Roundtable: “Beyond David Horowitz: Perspectives on Academic Freedom in the 21st Century”

More random notes from conference:

David Beito (University of Alabama): comes from different perspective than most here: from libertarian perspective. If one good thing comes out of this war it is an increased discussion across divides, and we’ll need that to stop another war. Issue of speech codes and Horowitz’s Academic Bill of Rights: mostly concern of conservatives, chilling academic freedom and discussions. Discomfort, because we need to work with people we don’t like and don’t agree with. Horowitz tries to divide these issues, and we will be more successful if we can link them.

Matthew Bokovoy (University of Nebraska Press): How scholarly publishing has been affected by issues of academic freedom. Problem of system of soft reviews can open up an author and publisher to pressure. A good press will have a broader array of ideological perspectives. Importance of keeping that open and balanced in order to avoid images of ideological distortion. Limited markets and profit motive can limit publication horizons, even tho it may review well. Political pressures from donors, etc. 3 layers designed to keep a clean process: peer review, internal review, and ? Several recent high-profile cases of tenure review cases, and example of Ward Churchill–detractors more easily made case against him because he published at a small publisher (City Lights Press) that perhaps was not careful enough with peer review process.

Deirdre McDonald (University of Texas-Pan American): role of libraries in academic freedom debates. Libraries are the biggest allies in these fights. Issues of control and access come up daily in our work. Major ethical question is protection of privacy: that you can look at material without fear of exposure, that people can look at material privately. Librarians face same internal pressure as rest of university: budget cuts, tenure. But since 9/11 new external concerns: government laws (esp. USA Patriot Act), and changes in faculty attitudes. USA Patriot Act is particularly bad because it violates library ethics of privacy. Due to gag order, we don’t know if this happens or how common it is. Informal surveys say 5-10% of libraries have been searched. Librarians look for ways that they can inform public about this with things like signs that say that the FBI has not been here this week, watch for the removal of this sign. Also issues of outright censorship. Oct 2002 told to remove Gov’t printing office geological survey CD-ROM. This only happens when an issue of misprint, but in this case it was destroyed. In another case of 5 publications was able to keep it. EPA libraries closing (defunded), saying that information will be online–but it is not, and no librarians to help find information. Closures, censorship, and Patriot Act are most important concerns. Another issue is how business models change how librarians are run. Libraries are anti-business, anti-capitalist. Can’t make profit, we give things away. We don’t follow a business model. But if everything has to turn profit, we cannot do that. With business model comes idea of student as consumer. Leads to drop in demand: pay for grade, rather than work harder. Problem of electronic information going through IT who do not have same security concerns, and are willing to give any info to gov’t. So, now can only assure that if you look at a print book and do not check it out your privacy can be secured. With technological changes with social networking sites, students are no longer concerned about giving info away.

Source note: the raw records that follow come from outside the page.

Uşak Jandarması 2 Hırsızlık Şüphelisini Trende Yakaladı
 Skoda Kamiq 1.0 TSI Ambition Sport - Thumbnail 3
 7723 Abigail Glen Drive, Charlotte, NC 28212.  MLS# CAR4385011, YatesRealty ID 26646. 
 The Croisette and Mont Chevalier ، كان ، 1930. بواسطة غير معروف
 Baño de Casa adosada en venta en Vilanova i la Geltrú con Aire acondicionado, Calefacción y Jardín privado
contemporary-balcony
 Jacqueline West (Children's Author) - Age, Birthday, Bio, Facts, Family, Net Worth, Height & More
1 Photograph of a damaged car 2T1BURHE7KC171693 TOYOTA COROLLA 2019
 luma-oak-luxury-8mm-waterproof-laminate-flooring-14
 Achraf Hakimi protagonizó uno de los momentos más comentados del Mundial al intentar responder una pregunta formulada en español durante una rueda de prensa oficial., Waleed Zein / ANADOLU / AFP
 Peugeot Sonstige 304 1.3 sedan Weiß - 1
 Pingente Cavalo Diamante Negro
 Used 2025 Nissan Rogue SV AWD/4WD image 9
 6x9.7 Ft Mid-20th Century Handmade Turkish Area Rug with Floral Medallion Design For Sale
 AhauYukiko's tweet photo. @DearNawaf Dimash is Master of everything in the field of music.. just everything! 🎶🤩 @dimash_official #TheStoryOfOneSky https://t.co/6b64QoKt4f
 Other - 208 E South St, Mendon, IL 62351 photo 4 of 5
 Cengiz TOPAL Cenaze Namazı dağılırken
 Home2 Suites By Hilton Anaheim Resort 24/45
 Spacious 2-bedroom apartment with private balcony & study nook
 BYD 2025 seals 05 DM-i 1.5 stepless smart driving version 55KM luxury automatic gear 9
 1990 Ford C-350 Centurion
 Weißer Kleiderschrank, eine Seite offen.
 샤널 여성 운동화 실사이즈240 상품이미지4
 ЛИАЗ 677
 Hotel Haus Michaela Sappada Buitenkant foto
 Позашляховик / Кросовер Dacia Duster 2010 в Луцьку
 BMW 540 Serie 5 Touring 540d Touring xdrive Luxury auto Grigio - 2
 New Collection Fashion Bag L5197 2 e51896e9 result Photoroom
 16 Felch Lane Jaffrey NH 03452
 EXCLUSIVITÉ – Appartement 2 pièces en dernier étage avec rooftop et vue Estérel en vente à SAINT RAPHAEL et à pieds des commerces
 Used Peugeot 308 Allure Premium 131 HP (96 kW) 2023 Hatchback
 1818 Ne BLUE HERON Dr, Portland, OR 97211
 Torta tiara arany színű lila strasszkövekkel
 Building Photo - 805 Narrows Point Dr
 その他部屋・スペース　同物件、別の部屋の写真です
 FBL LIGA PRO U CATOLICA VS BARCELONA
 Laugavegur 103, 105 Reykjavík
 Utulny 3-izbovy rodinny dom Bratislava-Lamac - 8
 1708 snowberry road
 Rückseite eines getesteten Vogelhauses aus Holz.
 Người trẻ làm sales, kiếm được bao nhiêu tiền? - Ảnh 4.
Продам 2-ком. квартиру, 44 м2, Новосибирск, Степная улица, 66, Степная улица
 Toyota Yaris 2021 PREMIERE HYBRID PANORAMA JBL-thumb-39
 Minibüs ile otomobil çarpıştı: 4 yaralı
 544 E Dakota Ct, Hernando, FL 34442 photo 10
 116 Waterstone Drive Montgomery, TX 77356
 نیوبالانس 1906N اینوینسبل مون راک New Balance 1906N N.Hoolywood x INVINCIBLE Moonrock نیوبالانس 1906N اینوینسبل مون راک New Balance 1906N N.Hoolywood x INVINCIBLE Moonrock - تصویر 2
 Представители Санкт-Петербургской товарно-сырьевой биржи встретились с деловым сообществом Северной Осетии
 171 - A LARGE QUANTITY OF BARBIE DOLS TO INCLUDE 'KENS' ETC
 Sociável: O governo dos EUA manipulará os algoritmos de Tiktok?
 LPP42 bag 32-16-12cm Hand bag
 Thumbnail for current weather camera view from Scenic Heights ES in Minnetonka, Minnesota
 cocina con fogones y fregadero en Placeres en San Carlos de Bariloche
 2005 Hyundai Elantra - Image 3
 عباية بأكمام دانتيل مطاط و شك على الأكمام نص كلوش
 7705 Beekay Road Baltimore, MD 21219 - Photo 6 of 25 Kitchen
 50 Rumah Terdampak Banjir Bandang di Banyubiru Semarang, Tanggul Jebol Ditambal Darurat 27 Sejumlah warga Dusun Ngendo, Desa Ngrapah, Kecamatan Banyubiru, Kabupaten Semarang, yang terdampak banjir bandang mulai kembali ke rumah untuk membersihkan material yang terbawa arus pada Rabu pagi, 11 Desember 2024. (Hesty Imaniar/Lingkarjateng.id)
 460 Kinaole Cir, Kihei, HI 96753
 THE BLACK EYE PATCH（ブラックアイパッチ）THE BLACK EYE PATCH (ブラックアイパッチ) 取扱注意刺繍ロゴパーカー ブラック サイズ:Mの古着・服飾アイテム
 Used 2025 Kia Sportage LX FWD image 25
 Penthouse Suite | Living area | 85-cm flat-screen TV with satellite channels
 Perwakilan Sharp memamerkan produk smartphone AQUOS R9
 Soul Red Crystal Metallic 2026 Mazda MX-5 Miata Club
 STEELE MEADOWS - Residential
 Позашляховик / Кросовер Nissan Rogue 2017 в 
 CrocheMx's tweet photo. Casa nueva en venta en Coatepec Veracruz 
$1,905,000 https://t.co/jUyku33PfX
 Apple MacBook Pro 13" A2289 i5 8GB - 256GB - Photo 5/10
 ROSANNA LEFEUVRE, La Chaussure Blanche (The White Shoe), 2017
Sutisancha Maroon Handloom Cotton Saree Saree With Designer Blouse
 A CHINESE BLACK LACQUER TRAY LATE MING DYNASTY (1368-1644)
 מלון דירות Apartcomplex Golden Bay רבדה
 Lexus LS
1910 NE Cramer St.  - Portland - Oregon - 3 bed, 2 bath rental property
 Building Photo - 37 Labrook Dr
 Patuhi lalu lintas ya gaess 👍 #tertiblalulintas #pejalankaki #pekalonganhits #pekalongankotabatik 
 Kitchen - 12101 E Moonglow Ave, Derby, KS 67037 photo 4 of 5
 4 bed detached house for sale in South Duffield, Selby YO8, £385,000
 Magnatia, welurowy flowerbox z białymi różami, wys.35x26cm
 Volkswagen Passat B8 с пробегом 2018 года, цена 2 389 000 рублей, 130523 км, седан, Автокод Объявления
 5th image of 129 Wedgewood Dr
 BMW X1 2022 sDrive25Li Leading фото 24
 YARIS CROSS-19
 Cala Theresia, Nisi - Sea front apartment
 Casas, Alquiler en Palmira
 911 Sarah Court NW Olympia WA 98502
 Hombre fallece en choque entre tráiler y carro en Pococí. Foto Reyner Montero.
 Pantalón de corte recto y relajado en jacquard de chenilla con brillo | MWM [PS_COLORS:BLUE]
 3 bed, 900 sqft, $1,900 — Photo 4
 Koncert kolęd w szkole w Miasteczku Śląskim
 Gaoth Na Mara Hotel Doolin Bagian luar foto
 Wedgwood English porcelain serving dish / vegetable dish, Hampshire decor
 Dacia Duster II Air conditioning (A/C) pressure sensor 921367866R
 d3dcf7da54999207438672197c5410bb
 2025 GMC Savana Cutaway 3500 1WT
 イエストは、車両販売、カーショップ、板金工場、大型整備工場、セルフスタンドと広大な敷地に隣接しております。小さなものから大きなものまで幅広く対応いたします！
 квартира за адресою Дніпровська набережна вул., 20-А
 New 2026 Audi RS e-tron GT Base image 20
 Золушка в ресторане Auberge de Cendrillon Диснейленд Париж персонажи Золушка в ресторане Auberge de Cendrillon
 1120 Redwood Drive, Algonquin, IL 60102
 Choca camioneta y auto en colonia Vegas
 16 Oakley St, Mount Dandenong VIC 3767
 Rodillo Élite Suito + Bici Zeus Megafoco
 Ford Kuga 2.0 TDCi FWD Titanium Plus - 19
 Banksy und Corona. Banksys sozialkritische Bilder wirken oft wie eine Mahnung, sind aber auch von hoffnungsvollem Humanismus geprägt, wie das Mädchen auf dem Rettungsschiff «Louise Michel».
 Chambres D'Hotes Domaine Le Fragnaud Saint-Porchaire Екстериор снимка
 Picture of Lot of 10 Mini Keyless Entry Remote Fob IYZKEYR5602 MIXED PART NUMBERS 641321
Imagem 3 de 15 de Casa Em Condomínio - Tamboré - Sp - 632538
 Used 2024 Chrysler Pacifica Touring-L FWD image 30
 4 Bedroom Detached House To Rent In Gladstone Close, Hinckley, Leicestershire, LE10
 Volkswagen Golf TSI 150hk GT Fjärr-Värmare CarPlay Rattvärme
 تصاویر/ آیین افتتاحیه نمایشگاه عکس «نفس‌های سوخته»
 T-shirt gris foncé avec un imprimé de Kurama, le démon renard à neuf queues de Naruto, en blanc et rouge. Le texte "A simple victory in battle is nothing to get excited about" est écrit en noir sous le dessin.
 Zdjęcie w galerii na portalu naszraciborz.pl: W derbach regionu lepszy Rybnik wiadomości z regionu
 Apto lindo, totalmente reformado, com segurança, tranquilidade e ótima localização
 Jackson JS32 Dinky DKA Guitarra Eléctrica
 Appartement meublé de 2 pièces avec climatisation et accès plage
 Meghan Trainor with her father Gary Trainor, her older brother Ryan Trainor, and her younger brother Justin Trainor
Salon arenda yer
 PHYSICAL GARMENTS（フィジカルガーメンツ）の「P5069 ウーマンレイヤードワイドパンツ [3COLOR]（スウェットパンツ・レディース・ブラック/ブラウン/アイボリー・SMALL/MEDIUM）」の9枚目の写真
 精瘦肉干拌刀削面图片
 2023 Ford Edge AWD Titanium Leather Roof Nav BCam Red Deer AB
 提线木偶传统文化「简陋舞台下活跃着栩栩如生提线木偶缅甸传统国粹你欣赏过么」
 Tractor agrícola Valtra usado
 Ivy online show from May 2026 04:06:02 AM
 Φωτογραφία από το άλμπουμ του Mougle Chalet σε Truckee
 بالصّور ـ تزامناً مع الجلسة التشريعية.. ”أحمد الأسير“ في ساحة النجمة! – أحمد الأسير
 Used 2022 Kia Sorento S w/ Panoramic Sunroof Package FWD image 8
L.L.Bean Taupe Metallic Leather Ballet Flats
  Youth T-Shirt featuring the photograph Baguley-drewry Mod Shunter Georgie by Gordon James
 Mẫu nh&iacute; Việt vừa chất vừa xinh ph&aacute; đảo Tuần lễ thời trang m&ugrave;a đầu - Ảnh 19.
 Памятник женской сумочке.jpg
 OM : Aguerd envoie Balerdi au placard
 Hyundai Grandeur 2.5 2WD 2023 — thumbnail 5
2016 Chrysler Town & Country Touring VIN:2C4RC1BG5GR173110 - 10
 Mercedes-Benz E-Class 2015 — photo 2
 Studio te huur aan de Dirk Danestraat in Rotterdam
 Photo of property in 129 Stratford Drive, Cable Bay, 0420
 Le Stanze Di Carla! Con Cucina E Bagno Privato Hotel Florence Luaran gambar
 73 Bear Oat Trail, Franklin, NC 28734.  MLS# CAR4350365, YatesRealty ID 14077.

Larry Gerber (Auburn University): historian against war, but here as spokesperson for AAUP. How do we protect academic freedom? Main idea of tenure is to protect academic freedom. More than 1 million instructional faculty in US, but only 1/3 are tenured or tenure-track. We need to prevent erosion and to build protection back. Faculty governance is important to maintain freedom. Threats come from 2 places: external (McCarthy, etc.). Importance that faculty should be in control of their affairs because of their expertise on the subject. Faculty can violate the rights of other faculty, but it is better for us to be in control. 2: corporatization of university, often from administrators and board of governors. So, faculty control is key academic freedom.

Discussion: Horowitz presents universities as leftwing, but tend to be deeply conservative parts of establishment. Focus on cultural issues, but little attention to structural concerns. David: pragmatic liberalism. Term limits for administrators, so that faculty keep focus on academic freedom. Most willing to cave in on academic freedom is from administrators who are most distant from education. Related to explosive growth of administrative positions.

Ellen Schrecker (Yeshiva University, Chair): These are not easy issues. Where do we take these concerns? We have a lot of education to do, because our fellow academics often don’t understand what is going on (as in the libraries). Those of you who don’t belong to AAUP should join. For all of its problems and issues, it is the main organization dedicated to academic freedom. So, go to http://www.aaup.org and join!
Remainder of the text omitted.